Tak Ditemukan Unsur Pidana, Bareskrim Polri Hentikan Perkara Penipuan McLaren Tony Trisno
Direktur Tindak Pidana Ekonomi Khusus Bareskrim Polri, Brigadir Jenderal Wishnu Hermawan membenarkan penghentian penyidikan tersebut.
Penulis: Igman Ibrahim
Editor: Hasanudin Aco
Laporan Wartawan Tribunnews.com, Igman Ibrahim
TRIBUNNEWS.COM, JAKARTA - Direktorat Tindak Pidana Ekonomi dan Khusus (Dittipideksus) Bareskrim Polri menghentikan penyelidikan terhadap kasus dugaan penipuan jual beli mobil McLaren Senna yang dilaporkan pengusaha Tony Trisno.
Kasus itu disebut bukan tindak pidana.
Direktur Tindak Pidana Ekonomi Khusus Bareskrim Polri, Brigadir Jenderal Wishnu Hermawan membenarkan penghentian penyidikan tersebut.

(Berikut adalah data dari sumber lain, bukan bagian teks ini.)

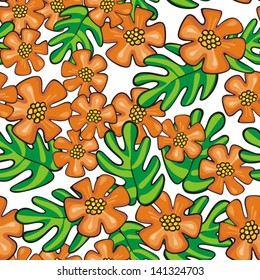 colorful wild exotic orange flowers and green leaves on white background cartoon style floral seamless pattern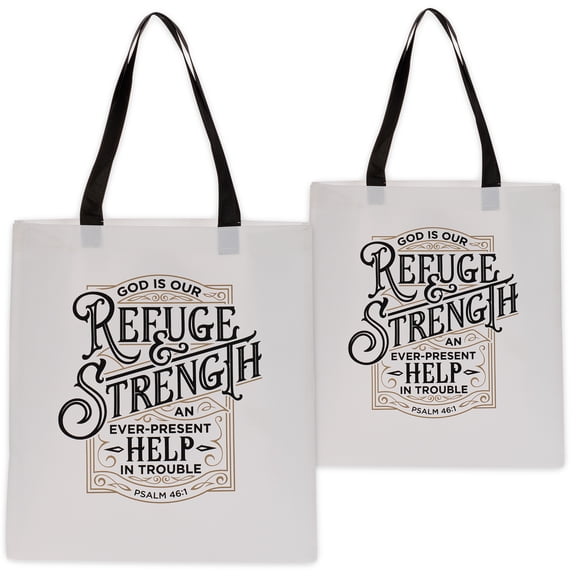 Christian Art Gifts Reusable Fashion Shopping Tote Bag for Women: Refuge & Strength - Psalm 46:1 Cute Durable Bible Verse Handbag Easy-hold & Collapsible for Groceries, Books, Supplies, Black & White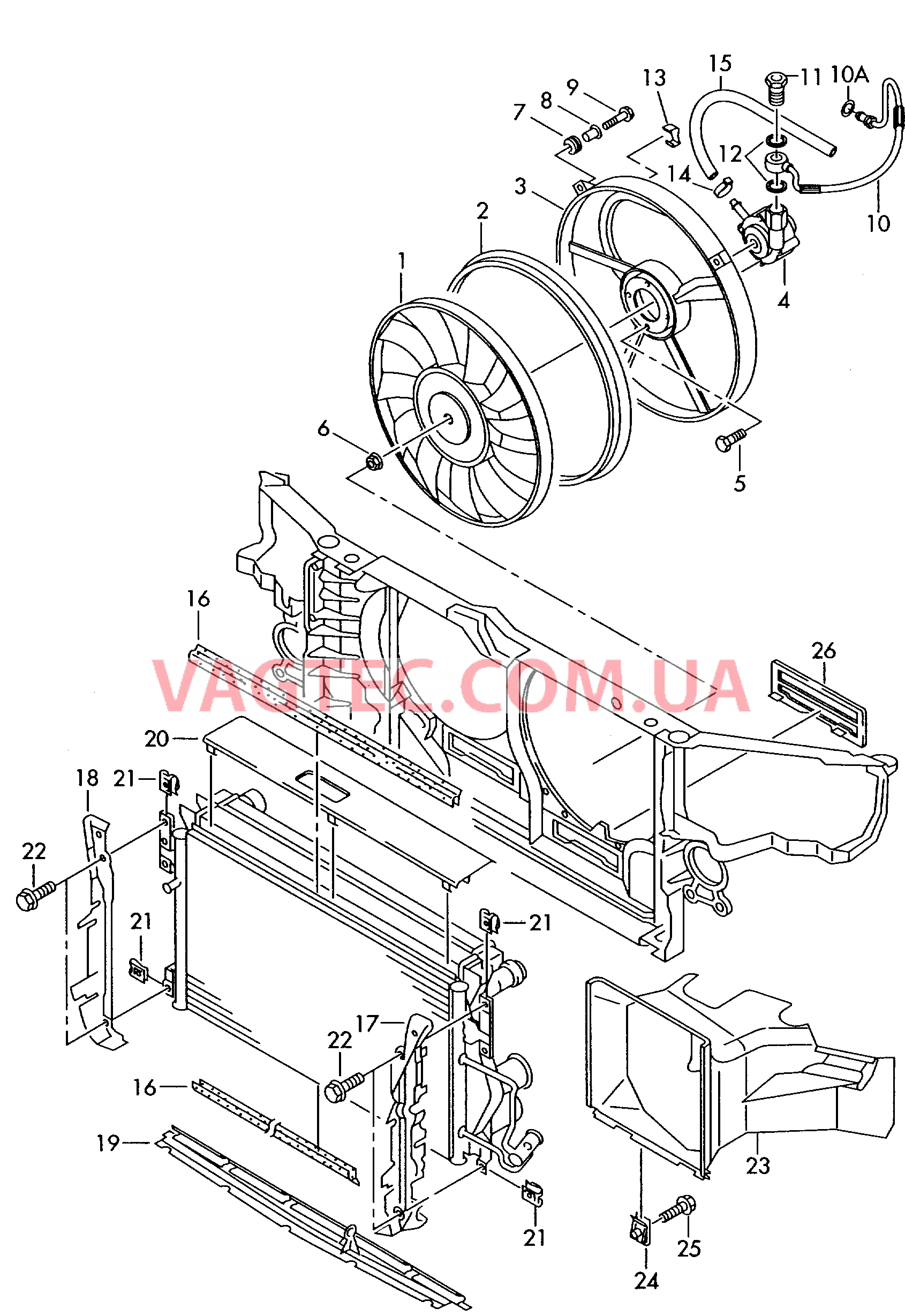 Воздуховод Вентилятор Гидравлический мотор  для AUDI A8Q 2002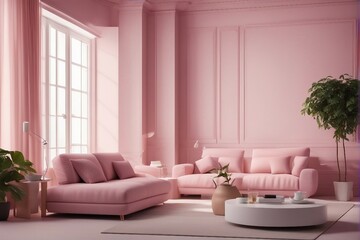 Interior of soft pink modern room with a comfortable sofa and plants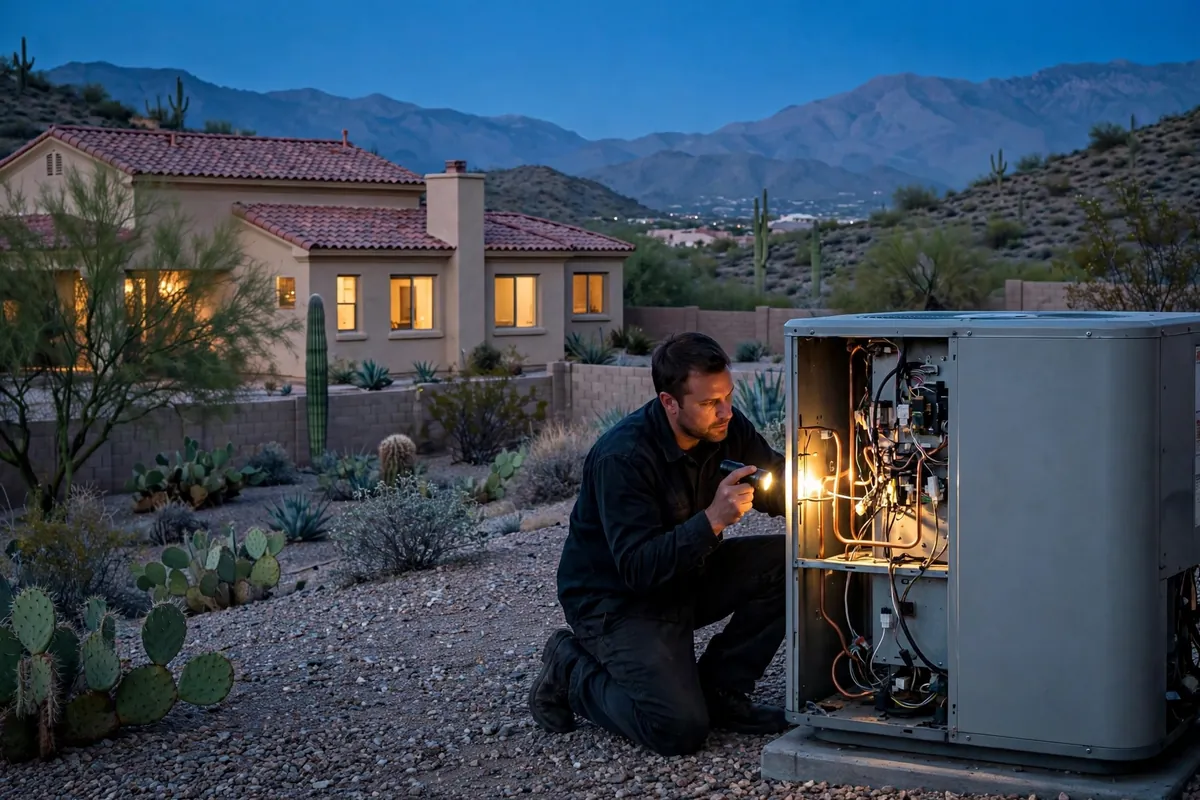 Emergency AC Repair Fountain Hills, AZ — cooling restored to an Arizona home at night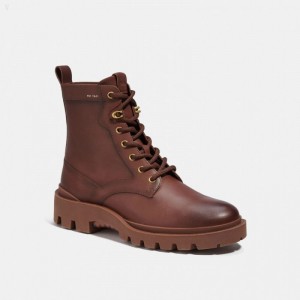Coach Citysole Lace Up Boot - Men's Boots - Saddle | AIAJ6931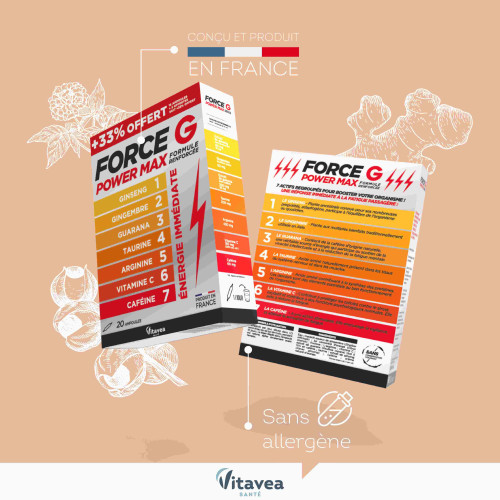 Nutrisanté Force G Power Max 20 Ampoules - Anti-Fatigue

Menurutnya, penghentian penyidikan tersebut dilakukan berdasarkan hasil gelar perkara.
"Sesuai gelar perkara, sudah," kata Whisnu kepada wartawan, Rabu (1/2/2023).
Berdasarkan surat pemberitahuan perkembangan penyelidikan yang diterbitkan Bareskrim Polri kepada Tony Trisno tertanggal 27 Januari 2023, gelar perkara dilakukan pada 1 September 2022.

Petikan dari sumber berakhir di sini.